Aim of the task → Write every line of the material again exactly, with no pictures in the copy.

Given information →
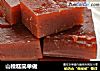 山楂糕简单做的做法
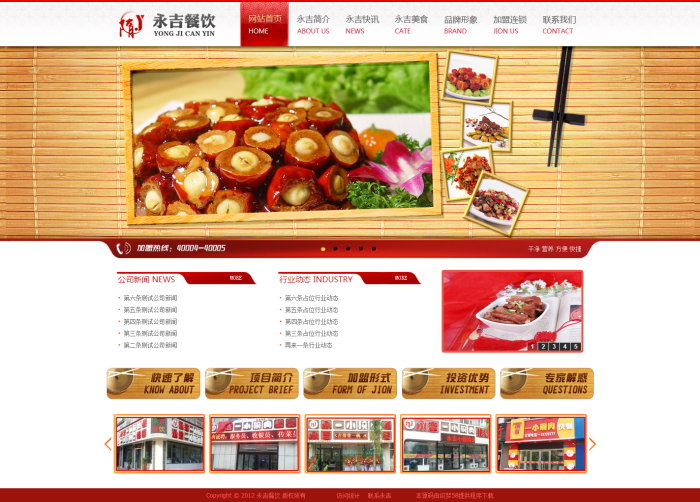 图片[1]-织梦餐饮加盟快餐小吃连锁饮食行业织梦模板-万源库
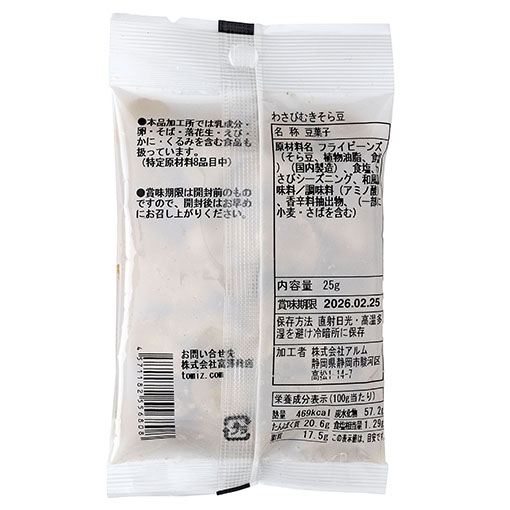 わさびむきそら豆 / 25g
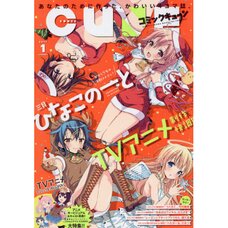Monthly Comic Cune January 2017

Solution to the exercise →
 山楂糕简单做的做法
 图片[1]-织梦餐饮加盟快餐小吃连锁饮食行业织梦模板-万源库
 わさびむきそら豆 / 25g
Monthly Comic Cune January 2017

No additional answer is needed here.